I have a 20 cm long vertical scar on my stomach. It doesn't really bother me, I was never going to be a bikini model or anything!! It'll fade in time, and I don't tend to wear midriff baring clothes!

I'll be totally honest, when I came round from my anesthetic I was in a fair amount of pain and felt pretty sick, the nurses and anesthetist got it under control pretty quickly though. I'm not sure how normal that is, I know that morphine in general makes me very sick, so that may have had something to do with it.

I would think that you would have a morphine pump (PCA - patient controlled analgesia), that's fairly standard for open surgery. I had oxycodone in mine this time, just because of the morphine = sickness thing! I've had morphine for my first two surgeries though and they're pretty effective.

My symptoms have been ok. Obviously the best thing is that the fistula is gone! :-D
My bms are still rather up and down, but that's too be expected. They've reduced a lot, I'm down to 1-4 times a day, which is fine.
I'm seeing my gastro in a couple of weeks to discuss medication.

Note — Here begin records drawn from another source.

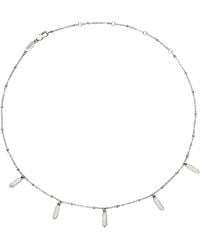 Breil - Kette Stylize - Lyst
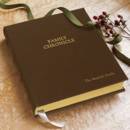 Jak prowadzić kronikę rodzinną?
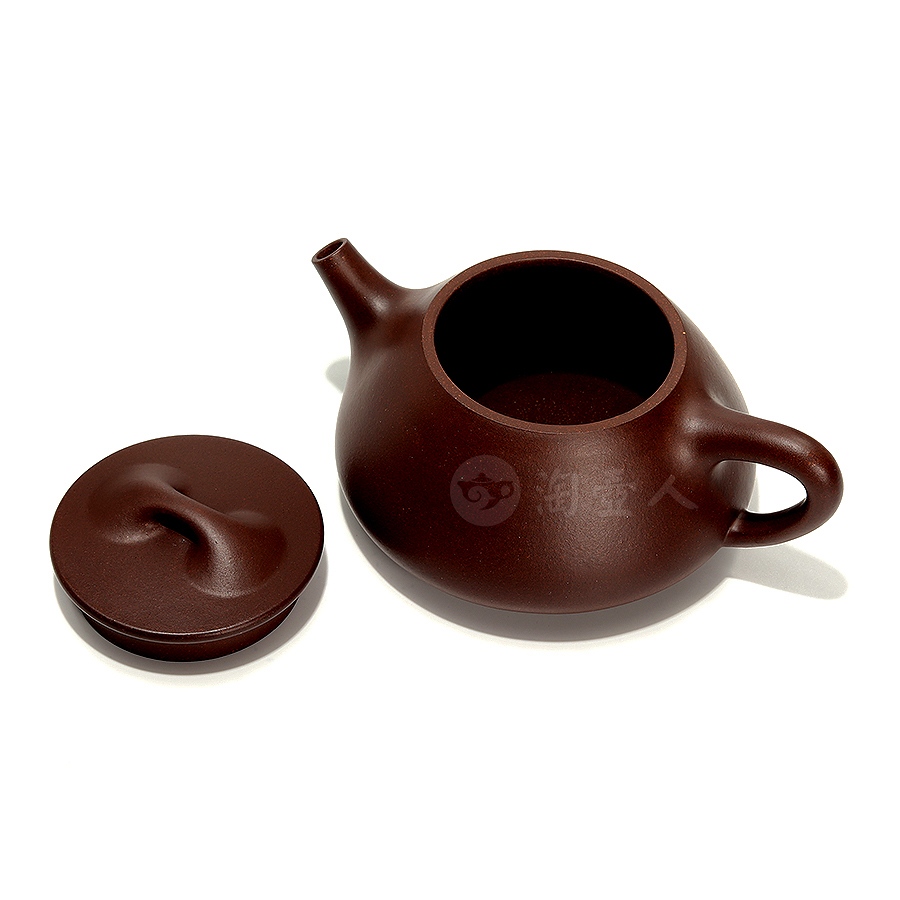 全手石瓢壶(徐汉棠监制)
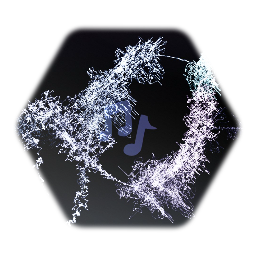 Dark Dubstep's Voice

At least if you've had a couple of surgeries you do know kind of what to expect. The only thing about having open abdo surgery is that for a while you won't be able to use your stomach muscles. It's a bit weird to begin with, but you do adapt quickly and learn to push yourself up and the best way to move. I'm now 6 weeks on and pretty much back to normal, I'm not doing crunches yet and anything like that, but my muscles have repaired themselves. I'm not really selling it very well am I? Sorry!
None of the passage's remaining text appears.